**YOUR OBJECTIVE**
Take the lines below beginning at the line that has "So there you" and stopping after the line that has "Taking the third", and print them exactly as they are, with no other lines.

**EXERCISE DATA**
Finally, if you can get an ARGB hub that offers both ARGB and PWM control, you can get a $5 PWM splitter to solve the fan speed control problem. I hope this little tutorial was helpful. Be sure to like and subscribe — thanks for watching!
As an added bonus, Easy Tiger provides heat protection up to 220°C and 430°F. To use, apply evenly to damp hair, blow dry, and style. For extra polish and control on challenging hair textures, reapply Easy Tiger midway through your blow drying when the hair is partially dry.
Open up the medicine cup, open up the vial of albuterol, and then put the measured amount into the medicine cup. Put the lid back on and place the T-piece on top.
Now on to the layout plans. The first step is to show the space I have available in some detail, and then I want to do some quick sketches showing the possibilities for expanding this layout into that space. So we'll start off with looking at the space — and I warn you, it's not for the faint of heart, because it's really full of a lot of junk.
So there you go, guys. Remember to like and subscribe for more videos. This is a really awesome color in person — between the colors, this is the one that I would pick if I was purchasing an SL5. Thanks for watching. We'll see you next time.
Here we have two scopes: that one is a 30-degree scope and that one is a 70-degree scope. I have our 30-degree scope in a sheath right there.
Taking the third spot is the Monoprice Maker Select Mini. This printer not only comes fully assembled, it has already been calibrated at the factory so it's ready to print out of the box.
* * *
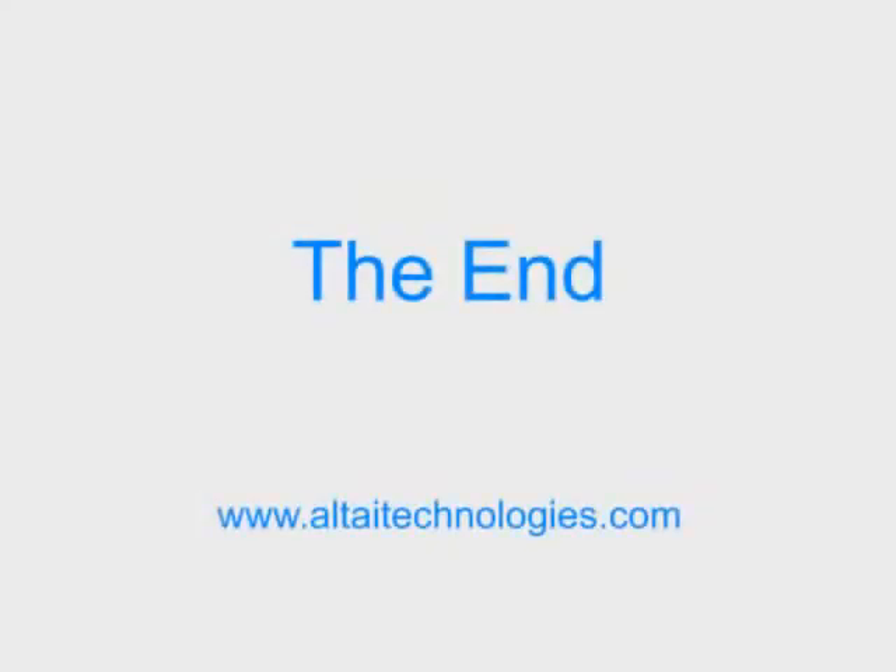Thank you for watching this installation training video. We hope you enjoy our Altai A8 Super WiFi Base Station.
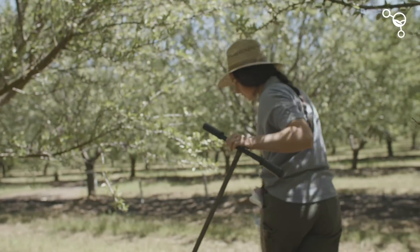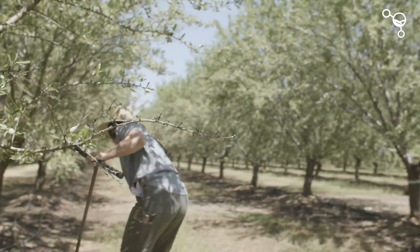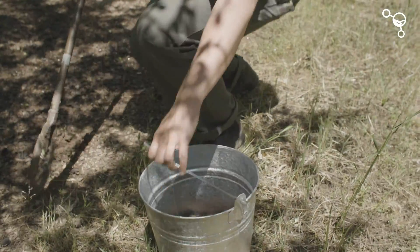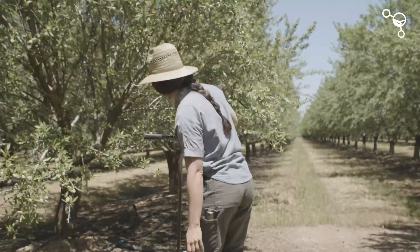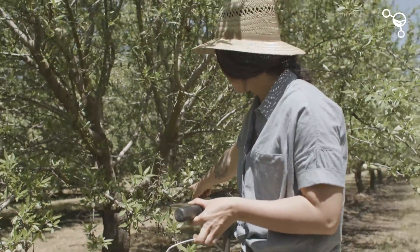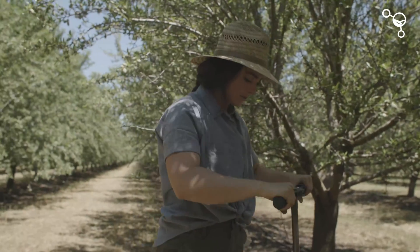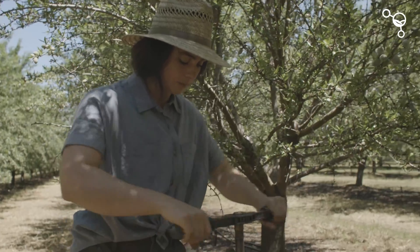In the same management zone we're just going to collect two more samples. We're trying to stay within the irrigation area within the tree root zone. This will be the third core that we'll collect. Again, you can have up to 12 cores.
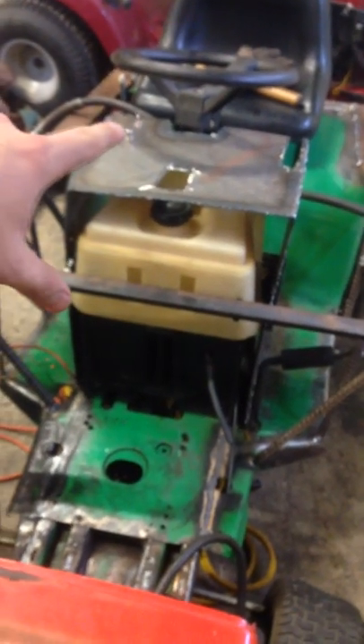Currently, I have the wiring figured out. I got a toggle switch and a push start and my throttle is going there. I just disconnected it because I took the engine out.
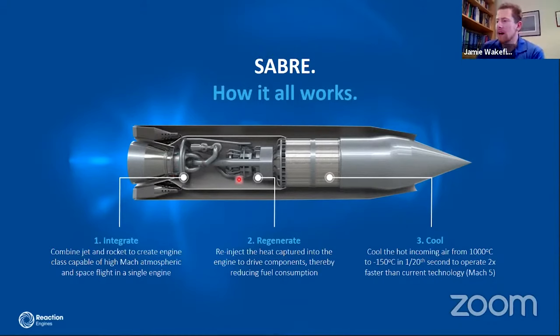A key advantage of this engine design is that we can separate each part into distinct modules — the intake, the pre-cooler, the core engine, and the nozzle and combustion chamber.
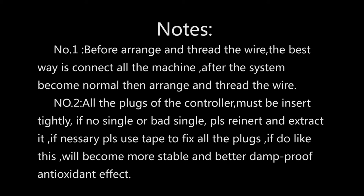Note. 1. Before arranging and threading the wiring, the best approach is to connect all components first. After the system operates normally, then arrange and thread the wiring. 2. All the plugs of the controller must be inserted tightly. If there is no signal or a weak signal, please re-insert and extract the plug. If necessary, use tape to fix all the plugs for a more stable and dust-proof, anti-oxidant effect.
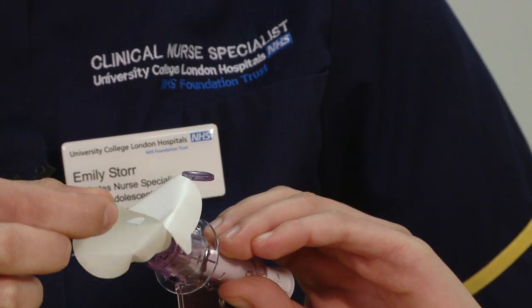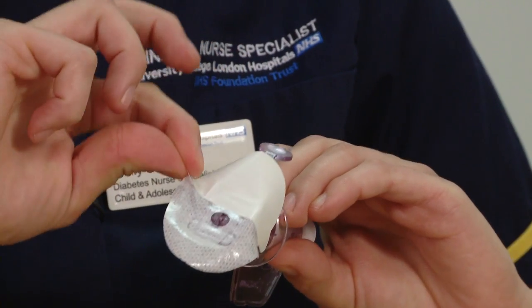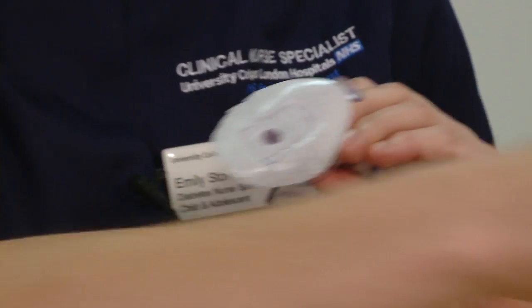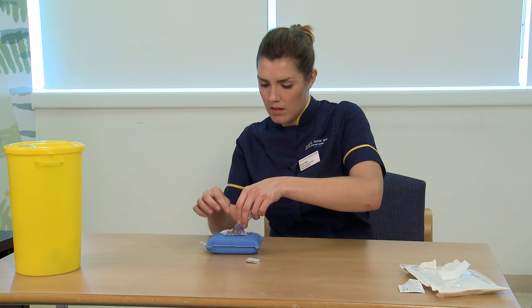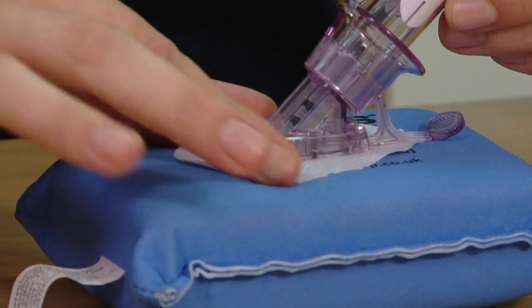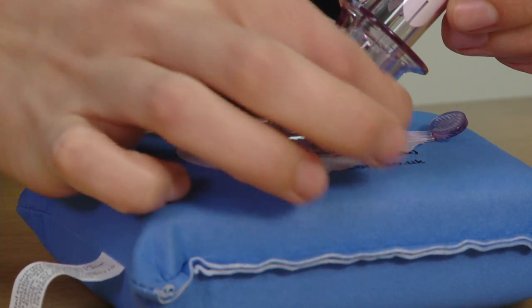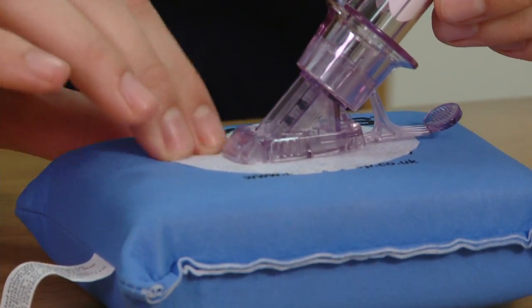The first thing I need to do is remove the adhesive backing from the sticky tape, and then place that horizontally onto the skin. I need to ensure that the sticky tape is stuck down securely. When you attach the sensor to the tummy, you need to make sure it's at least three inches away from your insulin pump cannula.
==
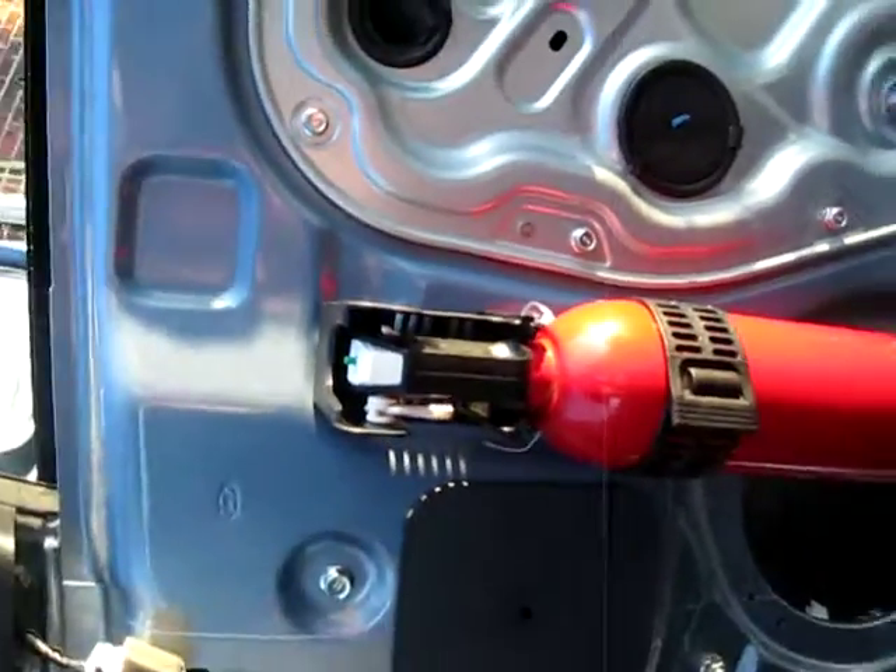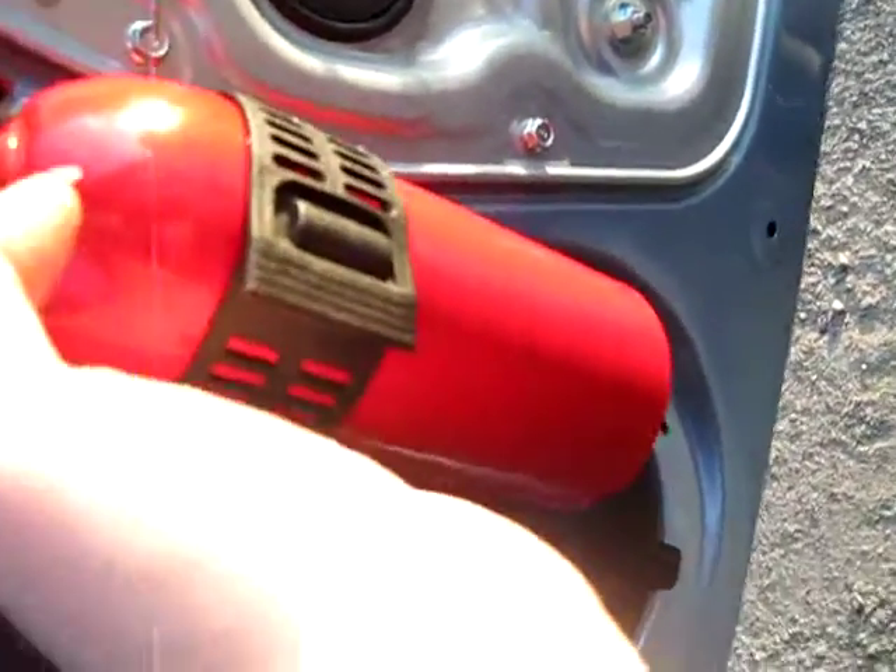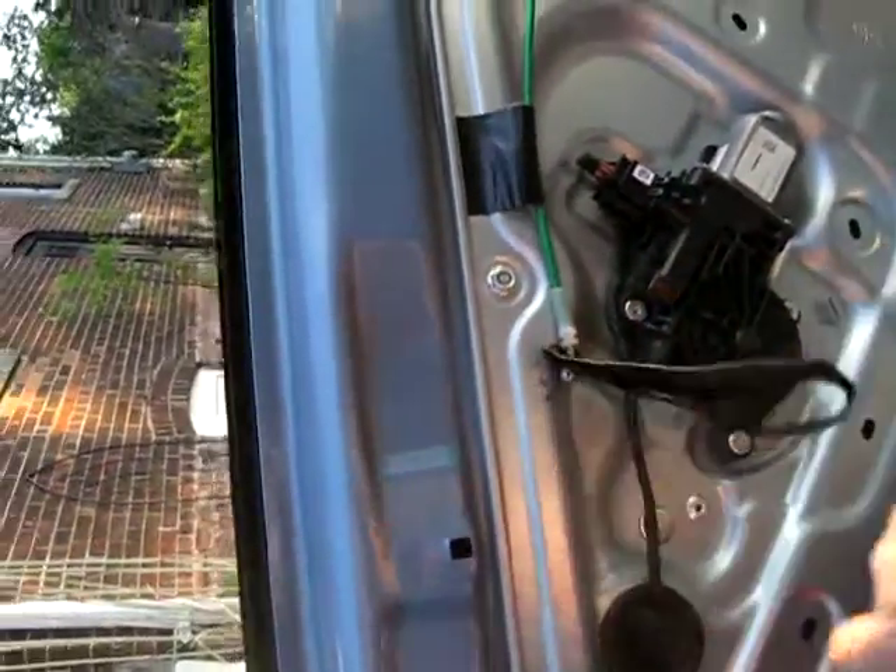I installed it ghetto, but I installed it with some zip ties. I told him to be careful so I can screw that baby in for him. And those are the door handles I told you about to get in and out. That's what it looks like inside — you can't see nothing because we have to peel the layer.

**COMPLETED EXERCISE**
So there you go, guys. Remember to like and subscribe for more videos. This is a really awesome color in person — between the colors, this is the one that I would pick if I was purchasing an SL5. Thanks for watching. We'll see you next time.
Here we have two scopes: that one is a 30-degree scope and that one is a 70-degree scope. I have our 30-degree scope in a sheath right there.
Taking the third spot is the Monoprice Maker Select Mini. This printer not only comes fully assembled, it has already been calibrated at the factory so it's ready to print out of the box.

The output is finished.